Baghdad (AsiaNews/Agencies) – More than 2.5 million Iraqi Kurds are going to the polls tomorrow to elect the 111 members of the Kurdistan Legislative Assembly. Some 24 parties are competing with five candidates running for the regional presidency. More than 100,000 Kurdish members of Iraq's armed forces as well as police, prisoners and the sick voted yesterday.

Opinion polls suggest that outgoing President Massud Barzani and his Kurdistan Democratic Party (KDP) and the Patriotic Union of Kurdistan (PUK) of Iraqi President Jalal Talebani will win by a wide margin. For decades the two parties had run separately but this time they are presenting on a single list with a lot of new faces to project an image of renewal.
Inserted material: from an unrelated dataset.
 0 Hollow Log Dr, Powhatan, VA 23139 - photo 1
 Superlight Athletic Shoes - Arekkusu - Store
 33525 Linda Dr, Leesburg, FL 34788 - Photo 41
Saturday's vote is being held six months after the rest of the country went to the polls in local elections. It comes at a time of heightened tensions and has been preceded by a number of related terrorist incidents, including attacks against churches.

The stakes in this election are high. The first issue the new Kurdish parliament will have to deal is the standing Kurdish demand to incorporate 16 disputed areas, including oil-rich Kirkuk and parts of three other historically Kurdish-populated provinces: Diyala, Nineveh and Salaheddin.

Kirkuk is especially important and remains a major bone of contention between local and national governments.

Equally important is oil. In early June the Kurds signed important contracts for the sale of “their” oil, a step rejected by the al-Maliki administration which claims that any action of this kind requires the approval of the central government.

The issue has become so heated that a tense face-off raised fears of a possible armed confrontation between the two sides.

Kurds, who claim the Kirkuk region as historically their, have called for the matter to be settled in a referendum and this despite opposition from the local Arab and Turkmen communities.